Qual o papel do cidadão comum em uma democracia? O que justifica uma grande meio de comunicação substituir os termos “assaltantes” ou “ladrões” por “vulneráveis”? Como é possível um professor universitário afirmar que é a favor do assalto?

Há muito tempo, Ricardo Dip e Volney Moraes Jr, ex-desembargadores do Tribunal de Justiça de São Paulo, denunciavam a ambiguidade com que alguns intelectuais brasileiros definiam o papel do povo brasileiro no espaço da cidadania.

Eles perceberam que esses intelectuais costumavam ter grande consideração com a vontade do povo brasileiro apenas quando essa vontade coincidia com o que eles pensavam. Caso contrário, esse mesmo povo deixava de ocupar posto respeitável no espaço do processo democrático para se tornar um populacho de vingadores, bando de “paranoicos” sedentos de sangue, um aglomerado de ignorantes que não possuem capacidade de exercer qualquer papel no tracejar de políticas criminais, por ser tema supostamente interdito ao cidadão comum e reservado apenas aos poucos iluminados da intelligentsia brasileira.

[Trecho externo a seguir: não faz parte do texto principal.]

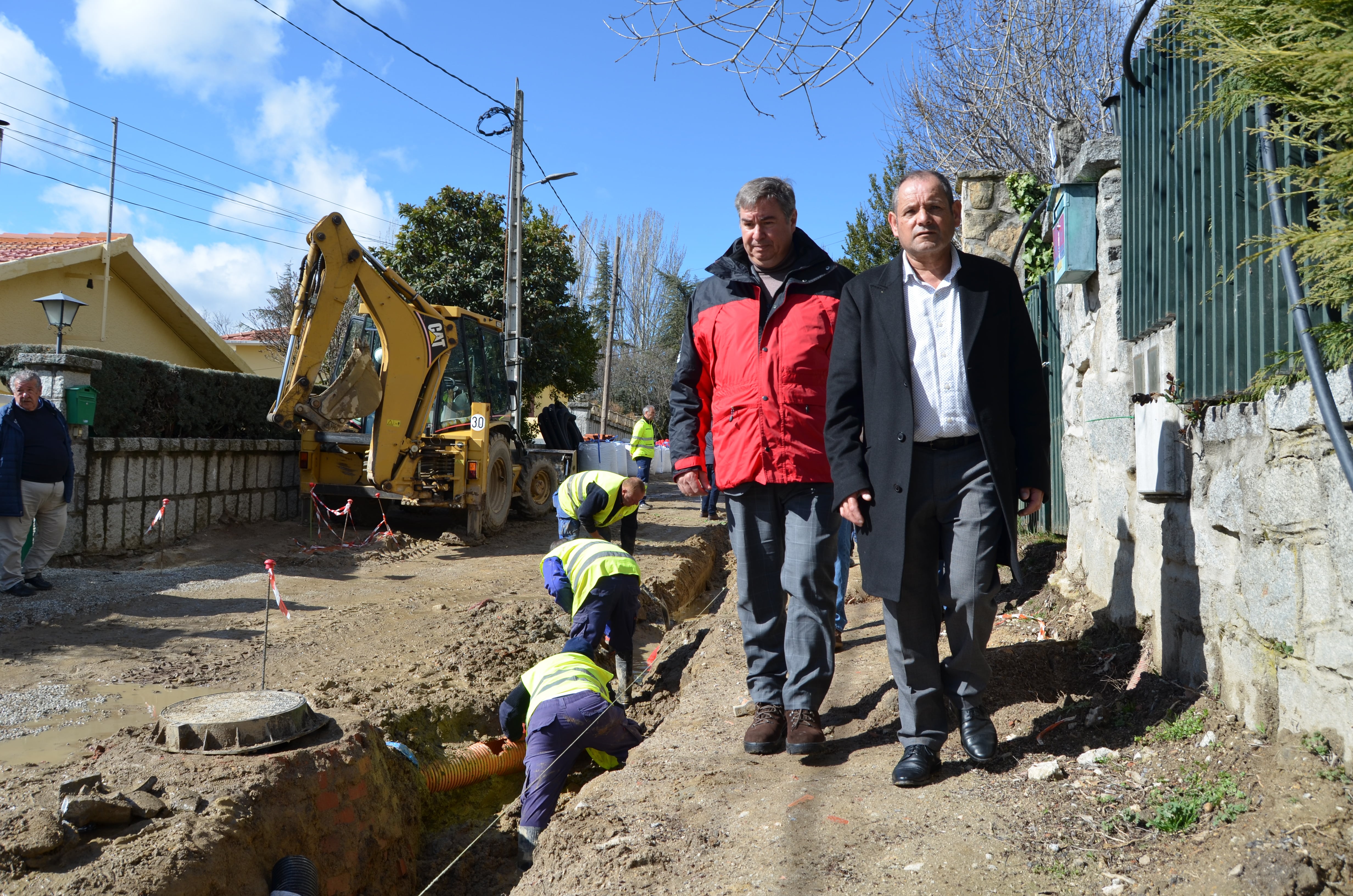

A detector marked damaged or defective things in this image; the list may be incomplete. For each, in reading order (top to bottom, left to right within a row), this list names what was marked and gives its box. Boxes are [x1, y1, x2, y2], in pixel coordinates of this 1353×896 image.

broken concrete piece [58, 774, 103, 801]
broken concrete piece [1028, 763, 1061, 785]
broken concrete piece [59, 796, 132, 834]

Para maioria dos brasileiros, o criminoso não é vítima, e sim, um indivíduo comum, capaz de exercer a livre escolha, incluindo a de se afundar na delinquência selvagem.

Essa ambiguidade de tratamento é evidenciada quando percebemos as frequentes notas públicas de entidades não governamentais, integradas por especialistas em segurança púbica, membros da academia e até magistrados, disparando pesados ataques contra quaisquer projetos de lei lançados no Congresso Nacional que busquem atender as aspirações coletivas da maioria esmagadora do povo brasileiro em combater o banditismo violento e o estado de impunidade que domina nosso país.

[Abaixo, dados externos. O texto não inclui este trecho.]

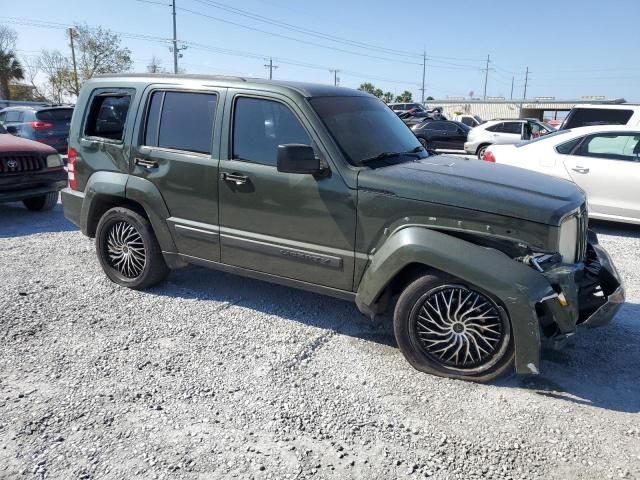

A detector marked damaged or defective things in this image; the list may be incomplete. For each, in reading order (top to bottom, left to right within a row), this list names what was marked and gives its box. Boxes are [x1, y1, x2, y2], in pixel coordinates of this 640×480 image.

crumpled front fender [356, 228, 556, 376]
damaged front bumper [536, 232, 624, 342]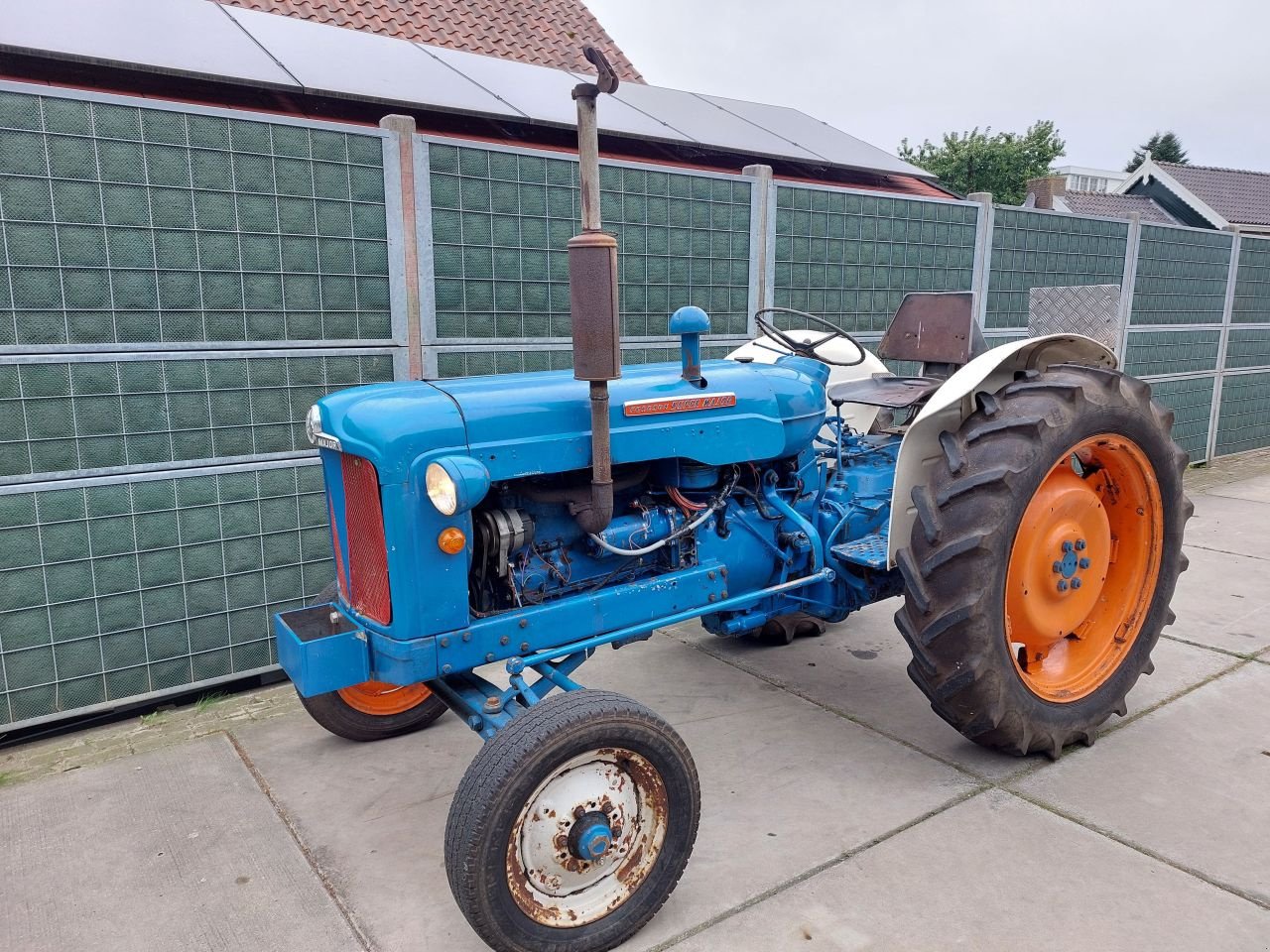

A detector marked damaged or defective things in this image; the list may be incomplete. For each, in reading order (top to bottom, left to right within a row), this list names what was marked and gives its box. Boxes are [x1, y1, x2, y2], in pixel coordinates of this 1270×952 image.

rusted metal surface [504, 746, 671, 924]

O Congresso Nacional sabe, e sabe muito bem, o que o povo pensa a respeito da segurança pública. Mais de 87% dos brasileiros defendem a redução da maioridade penal. Três em cada quatro brasileiros acreditam que a punição adequada para um estuprador seria a pena de prisão perpétua. Diante do estado de violência desenfreada em que se encontra o país, mais da metade já apoia a pena de morte, número que vem crescente assustadoramente a cada ano.

Por que, então, medidas práticas, reais, factíveis e menos drásticas, com grande potencial de redução dos índices da criminalidade violenta e forte apoio popular, como os projetos de lei que tratam da prisão em segunda instância, da exigência de exame criminológico para progressão de regime, da vedação de penas em meio aberto para criminosos dotados de periculosidade, da redução da maioridade penal ou do fim das saídas temporárias, por exemplo, não são aprovados no Congresso Nacional?

A resposta pode estar no chamado “lobby da insegurança pública”. O termo foi cunhado por Georges Fenech, ex-juiz de direito francês e autor de diversos estudos criminológicos, que na década de 90 identificou no Parlamento, na mídia e nas universidades de seu país, interesses ocultos de determinados grupos que buscavam incentivar motins e pequenos delitos de modo a fomentar a instabilidade social.

Esses grupos, segundo Fenech, muito ativos na intelligentsia midiática, nos meios políticos, judiciais, sindicais ou associativos, sustentavam que a sociedade francesa era a única responsável pelos crimes praticados pelos delinquentes porque ela própria gerava desigualdades sociais. Esta corrente de pensamento único, que influenciou por algum tempo as universidades francesas foi chamada por Fenech de “cultura da desculpa”, uma espécie de desresponsabilização generalizada dos criminosos, que segundo o autor, teve forte influência na França desde a década de 70 até o final do século XX.

No entanto, passados os efeitos da segunda grande guerra, notou-se que riqueza e abundância, além da expressiva melhora dos indicadores sociais obtidos após a forte recuperação econômica da Europa ao final do século XX, não vieram acompanhados da redução da criminalidade. Pelo contrário, os números foram inversamente proporcionais. Na França, os índices de crimes como estupros, roubos e homicídios cresceram exponencialmente no período, demonstrando a deficiência das teses criminológicas que apontavam a pobreza e o desemprego como principais causas do aumento da delinquência violenta, teoria que no Brasil é sustentada pela chamada “Criminologia Crítica”, “Radical”, “Marxista”, ou “Nova Criminologia”, fortemente propagada e, ao que parece, dominante nas universidades brasileiras.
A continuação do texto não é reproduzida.